(Saved data entries)
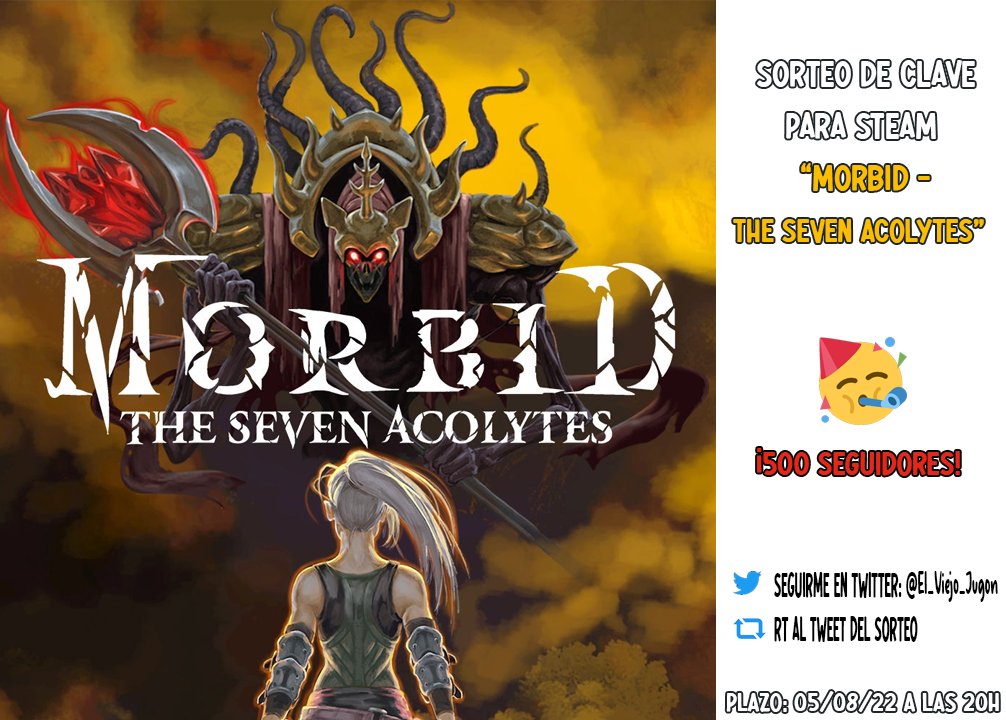 📢NUEVO SORTEO📢

Para celebrar que ya sois más de 500 seguidores he preparado un #SORTEO. El ganador se llevará una key para Steam de "Morbid - The Seven Acolytes". 

Condiciones:
1⃣ Seguirme
2⃣ RT 🔄 a este tweet

Termina:
- 05/08/22 a las 20h (España)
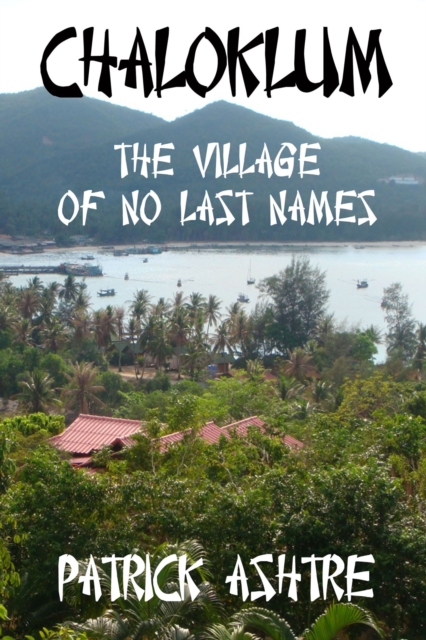 Chaloklum, The Village of No Last Names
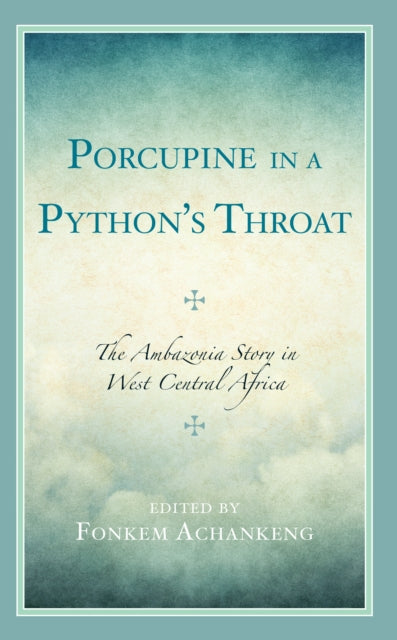 Porcupine in a Python's Throat: The Ambazonia Story in West Central Africa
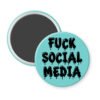 Blue magnet with the text 'Fuck social media' in a drippy font.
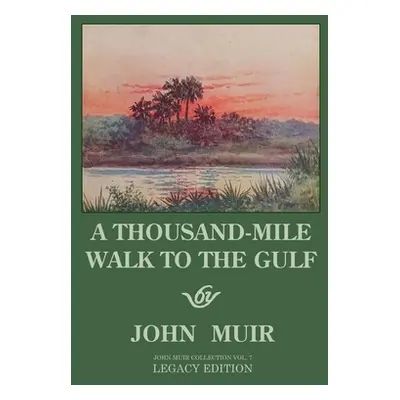 "A Thousand-Mile Walk To The Gulf - Legacy Edition: A Great Hike To The Gulf Of Mexico, Florida,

§ **Activity**
When the line containing "Blue magnet with" is reached, write out that line and each one after it exactly, ending with the last line of the records; pictures are not copied.

§ **Answer to this task**
 Blue magnet with the text 'Fuck social media' in a drippy font.
 "A Thousand-Mile Walk To The Gulf - Legacy Edition: A Great Hike To The Gulf Of Mexico, Florida,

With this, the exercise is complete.